There are 22 marbles total: 6 green, 9 red, and 7 blue. We can calculate three different probabilities for each color and then add them up.
Green: There are 6 green marbles, and we want to choose 3. The number of ways to do this is given by C(6,3) = 6!/(3!(6-3)!) = 20. So there are 20 ways to choose 3 green marbles from the 6. Now we need to find the total number of ways to choose 3 marbles from the 22. This is given by C(22,3) = 22!/(3!(22-3)!) = 22*21*20/(3*2*1) = 1540. So the probability of choosing 3 green marbles is 20/1540.

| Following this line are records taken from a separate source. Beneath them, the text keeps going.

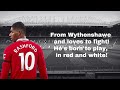 🎶 RASHFORD is RED - Manchester United Chants With Lyrics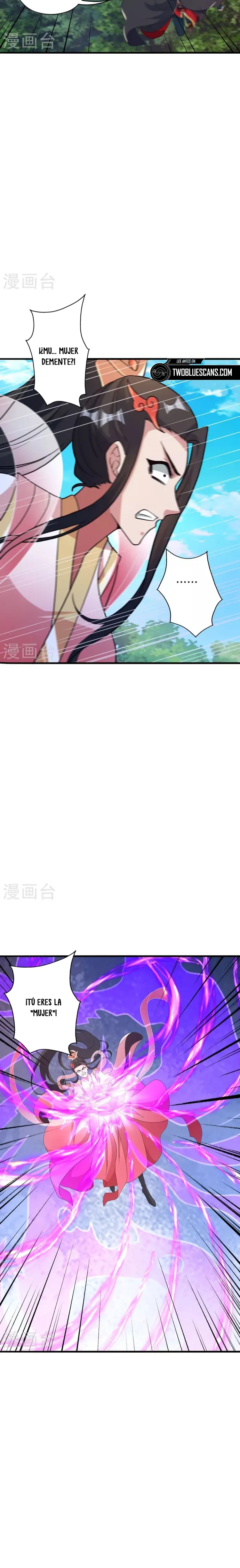 El Emperador Marcial Contra los Cielos Capítulo 396 - Page 12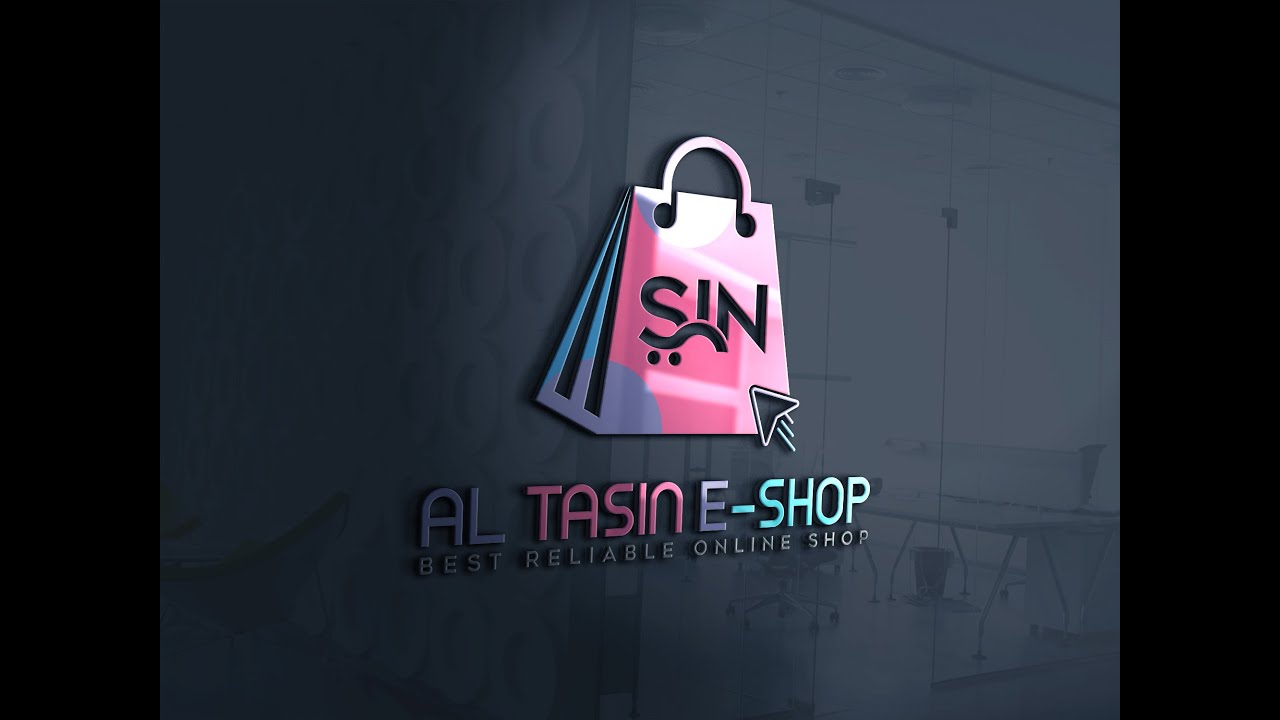 Professional E-Commerce Website Online Shop Logo Design in Adobe Illustrator cc Graphic Design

Red: There are 9 red marbles and we want to choose 3. The number of ways to do this is given by C(9,3) = 9!/(3!(9-3)!) = 84. So the probability of choosing 3 red marbles is 84/1540.
Blue: There are 7 blue marbles and we want to choose 3. The number of ways to do this is given by C(7,3) = 7!/(3!(7-3)!) = 35. So the probability of choosing 3 blue marbles is 35/1540.
Now we just need to add up the probabilities for each color: 20/1540 + 84/1540 + 35/1540 = 139/1540. So the probability of choosing 3 marbles of the same color is 139/1540 or approximately 0.09026.